House GOP bill includes provision that removes an inflation adjustment

The House GOP tax bill would remove an inflation adjustment from the renewable energy production tax credit, alarming industry advocates. (Courtesy American Wind Energy Association/Facebook)
The House GOP tax bill would remove an inflation adjustment from the renewable energy production tax credit, alarming industry advocates. (Courtesy American Wind Energy Association/Facebook)

Renewable energy advocates are raising alarms that the House Republican tax plan released Thursday would sharply reduce a tax credit that has driven the rapid deployment of wind and solar power over the past two years.

The tax bill includes a provision that would remove an inflation adjustment from the renewable energy production tax credit, likely dropping it from 2.3 cents per kilowatt hour for tax year 2016 to 1.5 cents per kilowatt hour.

Eliminating the inflation adjustment would generate nearly $12.3 billion in increased revenues over the next 10 years, according to the Joint Committee on Taxation analysis. The additional revenue would be generated even though the diminished credit would be extended to additional sources of green energy.

“Despite comments to the contrary, this proposal reneges on the tax reform deal that was already agreed to, and would impose a retroactive tax hike on an entire industry,” said Tom Kiernan, CEO of the American Wind Energy Association, or AWEA. “The House proposal would pull the rug out from under 100,000 U.S. wind workers and 500 American factories, including some of the fastest growing jobs in the country.”

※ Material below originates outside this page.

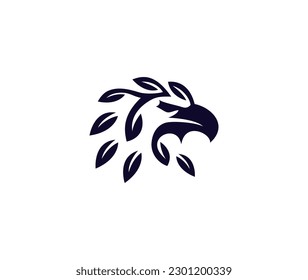 Bird falcon and circle frame logo design, eagle or hawk leaf badge emblem vector icon design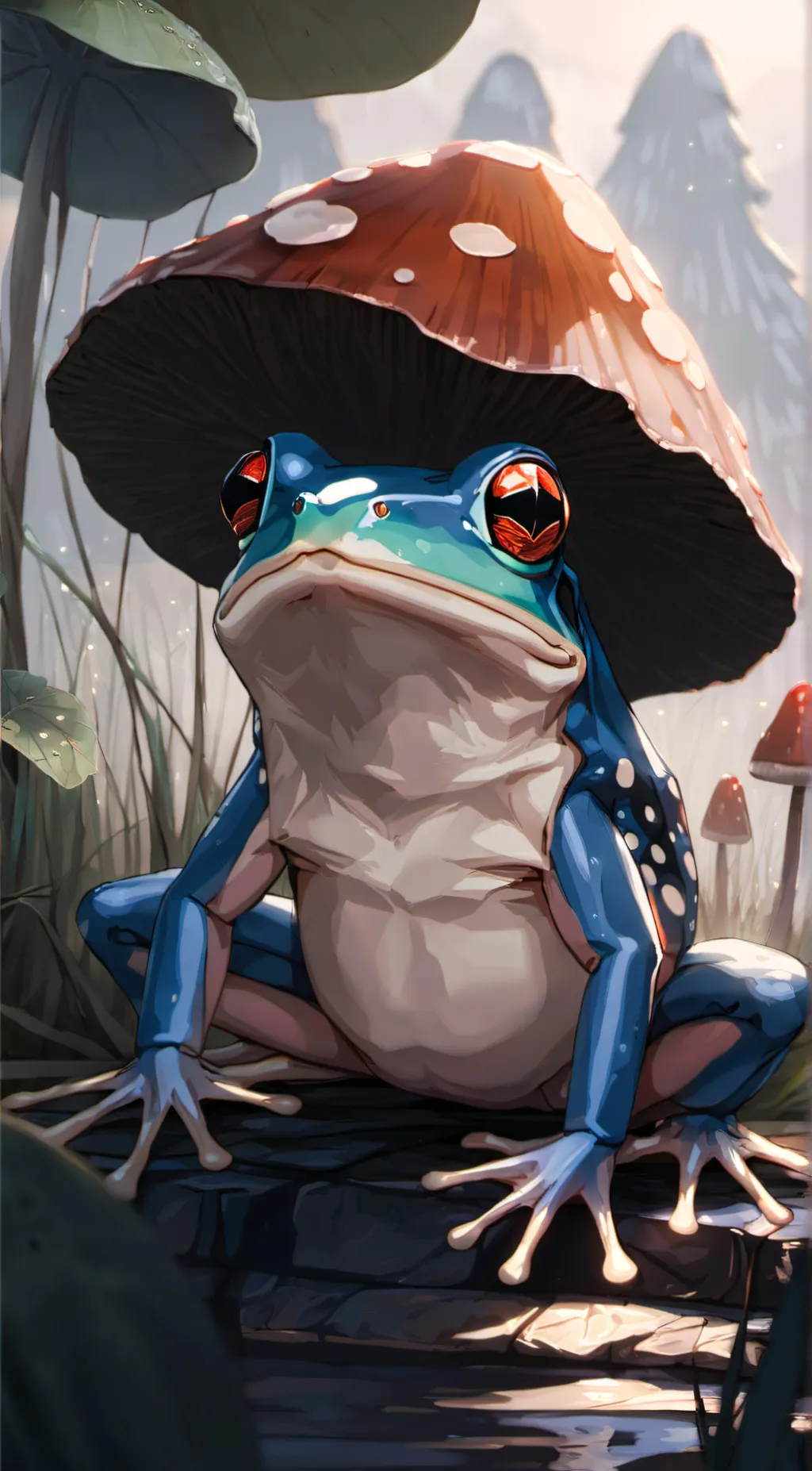 ai character: frog 🐸 🐸 🐸  background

Kiernan added that AWEA expects “members of the House and Senate to oppose any proposal that fails to honor that commitment, and we will fight hard to see that wind energy continues to work for America.”

The proposal is unlikely to gather much support in the Senate, where Iowa Republican Charles E. Grassley has already vowed that the wind credit will remain untouched.

The wind production tax credit received a five-year extension at the end of 2015 as part of a deal that enabled the end of the crude oil export ban. As part of that agreement, the production credit was set to slowly phase out by the end of 2020. AWEA estimated the new tax plan puts at risk more than $50 billion in wind-related, planned investment.

The tax plan does, however, extend credits to a host of so-called orphaned alternative renewable technologies like geothermal, small-scale wind and fuel cells. It also includes modifications to an advanced nuclear tax credit that should help sustain construction of the over-budget Vogtle nuclear plant in Georgia.

The bill removes some credits for marginal oil and gas wells, as well as the enhanced oil recovery credit, which the oil industry appears not to have a problem with.